▶ Data for this exercise
============================================================
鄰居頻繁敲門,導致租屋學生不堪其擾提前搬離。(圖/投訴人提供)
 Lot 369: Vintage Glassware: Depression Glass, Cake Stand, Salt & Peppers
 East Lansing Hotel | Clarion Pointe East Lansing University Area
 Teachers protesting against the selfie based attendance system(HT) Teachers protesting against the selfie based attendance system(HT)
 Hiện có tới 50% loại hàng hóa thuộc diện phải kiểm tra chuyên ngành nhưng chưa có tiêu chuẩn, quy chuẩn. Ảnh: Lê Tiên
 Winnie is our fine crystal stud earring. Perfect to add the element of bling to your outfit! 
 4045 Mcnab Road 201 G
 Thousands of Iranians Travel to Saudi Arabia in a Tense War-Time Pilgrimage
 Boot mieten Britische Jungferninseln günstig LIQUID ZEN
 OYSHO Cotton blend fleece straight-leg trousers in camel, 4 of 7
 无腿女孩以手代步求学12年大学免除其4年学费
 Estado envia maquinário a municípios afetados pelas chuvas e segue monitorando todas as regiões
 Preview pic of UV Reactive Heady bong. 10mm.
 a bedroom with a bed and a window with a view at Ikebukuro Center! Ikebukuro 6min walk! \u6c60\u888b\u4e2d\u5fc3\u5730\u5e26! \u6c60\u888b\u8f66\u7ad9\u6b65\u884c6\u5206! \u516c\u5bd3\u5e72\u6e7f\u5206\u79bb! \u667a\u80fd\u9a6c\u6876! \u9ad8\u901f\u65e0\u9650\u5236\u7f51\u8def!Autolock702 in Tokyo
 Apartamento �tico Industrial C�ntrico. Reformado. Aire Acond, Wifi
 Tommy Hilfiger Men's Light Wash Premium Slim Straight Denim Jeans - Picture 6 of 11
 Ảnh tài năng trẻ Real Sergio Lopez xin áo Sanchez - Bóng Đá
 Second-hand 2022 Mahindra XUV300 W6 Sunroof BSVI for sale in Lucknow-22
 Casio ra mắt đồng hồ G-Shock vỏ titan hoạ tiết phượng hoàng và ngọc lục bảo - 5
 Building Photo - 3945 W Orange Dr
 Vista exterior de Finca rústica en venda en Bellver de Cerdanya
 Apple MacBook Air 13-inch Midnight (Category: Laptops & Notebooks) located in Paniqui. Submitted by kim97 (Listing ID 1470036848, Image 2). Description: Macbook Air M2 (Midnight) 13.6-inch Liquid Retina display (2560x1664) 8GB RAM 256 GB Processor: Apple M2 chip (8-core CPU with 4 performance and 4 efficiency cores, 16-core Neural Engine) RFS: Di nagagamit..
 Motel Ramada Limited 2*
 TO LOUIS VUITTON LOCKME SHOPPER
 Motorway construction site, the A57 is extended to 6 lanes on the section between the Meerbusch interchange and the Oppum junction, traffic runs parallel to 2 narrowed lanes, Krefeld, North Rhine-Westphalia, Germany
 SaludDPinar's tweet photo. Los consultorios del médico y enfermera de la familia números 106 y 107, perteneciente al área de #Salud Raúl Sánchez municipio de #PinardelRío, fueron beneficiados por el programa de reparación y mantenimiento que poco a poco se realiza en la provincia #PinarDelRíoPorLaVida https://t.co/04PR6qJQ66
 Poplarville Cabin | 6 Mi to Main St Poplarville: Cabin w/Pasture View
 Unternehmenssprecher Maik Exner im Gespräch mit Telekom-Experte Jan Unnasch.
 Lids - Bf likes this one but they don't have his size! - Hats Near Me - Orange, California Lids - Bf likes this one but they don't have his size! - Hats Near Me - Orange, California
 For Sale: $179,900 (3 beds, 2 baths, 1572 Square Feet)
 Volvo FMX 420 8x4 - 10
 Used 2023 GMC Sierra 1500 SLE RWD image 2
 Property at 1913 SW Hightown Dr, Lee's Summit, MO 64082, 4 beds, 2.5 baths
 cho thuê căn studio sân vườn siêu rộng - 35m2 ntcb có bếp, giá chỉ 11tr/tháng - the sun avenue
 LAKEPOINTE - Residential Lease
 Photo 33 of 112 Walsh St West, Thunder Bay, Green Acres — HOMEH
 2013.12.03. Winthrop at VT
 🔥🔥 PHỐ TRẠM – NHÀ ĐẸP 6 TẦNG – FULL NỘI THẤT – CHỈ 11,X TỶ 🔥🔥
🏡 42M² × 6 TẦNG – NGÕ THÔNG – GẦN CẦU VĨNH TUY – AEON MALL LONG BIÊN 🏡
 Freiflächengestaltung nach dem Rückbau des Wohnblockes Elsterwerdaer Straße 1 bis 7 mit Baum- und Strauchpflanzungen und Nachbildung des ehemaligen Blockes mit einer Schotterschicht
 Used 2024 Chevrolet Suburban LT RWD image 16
============================================================
▶ Exercise brief
Report each line in the data that holds the word "Orange".

▶ Answer to this problem
 Building Photo - 3945 W Orange Dr
 Lids - Bf likes this one but they don't have his size! - Hats Near Me - Orange, California Lids - Bf likes this one but they don't have his size! - Hats Near Me - Orange, California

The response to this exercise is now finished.